Desrochers, Arianne (inédit)


La brume est intraduisible. Ou, plutôt, elle cache les alentours, le paysage qui devrait, c'est ce qu'on croit, s'offrir à nous. Le rendant hors d'atteinte, incompréhensible par les yeux, intraduisible. Pour bien traduire, il faut d'abord comprendre.

                    À Slack's Cove l'été dernier, dans la baie de Chignecto, après avoir pédalé 95                            kilomètres pour arriver à notre terrain de camping, il y avait rien d'autre que la                            brume pour nous accueillir.  "Ah fuck, on voit rien, c'est donc ben dommage." On a                     campé dans un non-lieu, l'absence de paysage, une opacité inquiétante. Ce soir-là,                     la brume voulait pas qu'on voit la baie, le décor, la nature, ne nous les a pas offerts                     en spectacle. Elle en avait rien à foutre qu'on avait pédalé toute la journée pour                            venir apprécier ce qu'elle cachait.

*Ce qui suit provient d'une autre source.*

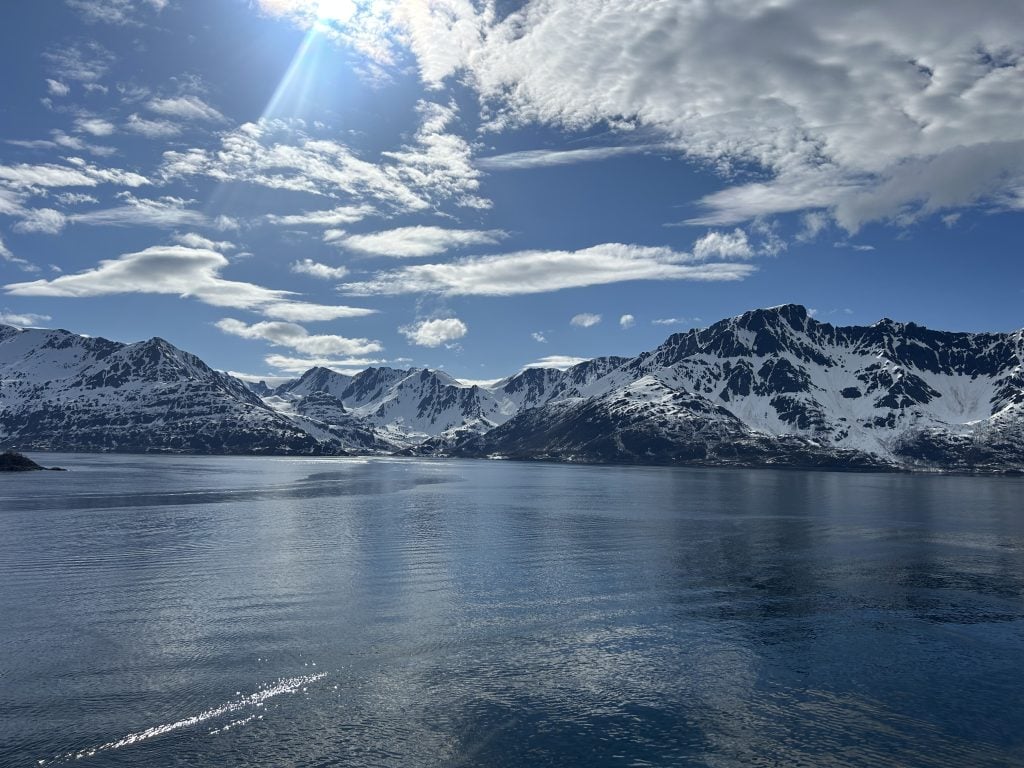 Schneebedeckte Berge an der Küste, glatte Wasseroberfläche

La brume est opacité. L'opacité est à la fois le caractère d'un objet ou d'un phénomène qui ne laisse pas passer la lumière et, au sens figuré, le caractère de ce qui ne peut pas être" pénétré par l'intelligence" (Antidote). Opaque : ce qui ne se laisse pas connaître, comprendre.

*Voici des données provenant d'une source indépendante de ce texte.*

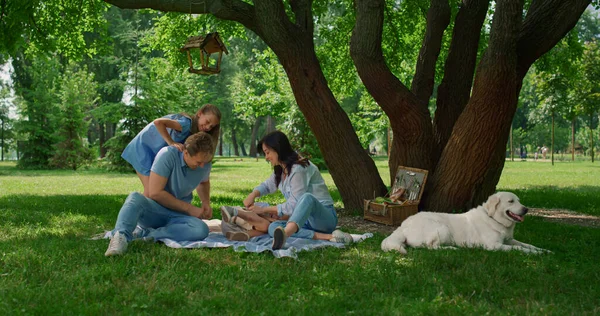 Skrattande familj har roligt spel på picknick filt. Lyckliga människor vilar utanför. — Stockfoto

                    La première fois que j'ai vu la baie de Fundy, il y avait point de brume. Pas de                            brume, pas de problème; sauf que l'absence de brume dans la baie ne veut pas                        dire que la baie soit pour autant intelligible. Je faisais une longue randonnée dans le                     parc; un point de vue au tout début du sentier m'avait plu. En revenant au même                        point de vue des heures après, à la fin de la randonnée, ce n'était plus le même                            endroit; le paysage s'était métamorphosé avec la marée, et je ne l'ai même pas                            reconnu. Sous le choc, j'ai pleuré en constatant qu'un lieu peut bouger, être                                plusieurs choses à la fois, refuser de se fixer, refuser la cartographie. La baie est                        fuyante, insaisissable. Et peut-être que moi aussi?

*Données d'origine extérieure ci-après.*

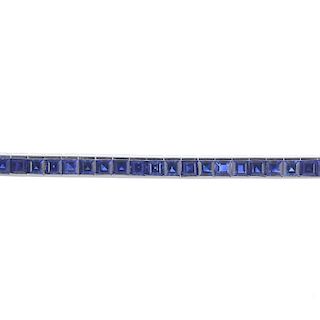 A sapphire bracelet. Designed as a square-shape sapphire line to the partially concealed clasp. Fore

La brume et la baie refusent de se faire pénétrer, de se faire assujétir, refusent leur carcan, les frontières, leur féminité. La brume et la baie sont queer, au sens où elles se désidentifient radicalement et complètement des formes figées, fossilisées qu'on veut leur imposer. Yelles se dérobent à l'oeil et au langage humain. Iels se moquent de nous. J'ai menti tantôt; en vélo-camping à Slack's Cove l'été dernier, la brume s'est dissipée un instant, pile en même temps que le coucher du soleil reflétait des teintes de mauve-rose-bleu poudre sur l'anse et son gros cap de roche. Ça a duré une minute, deux tout au plus : j'ai vu la beauté de l'endroit, son grain, ses textures, ses mouvements, juste assez pour ressentir, mais pas assez pour interpréter. Puis, la brume a refermé son rideau, le spectacle était fini, pis j'avais rien compris.

                    On aura jamais les mots pour vraiment traduire la brume, la baie, le queer. Mais on                     peut toujours les rêver, les imaginer, les tenter.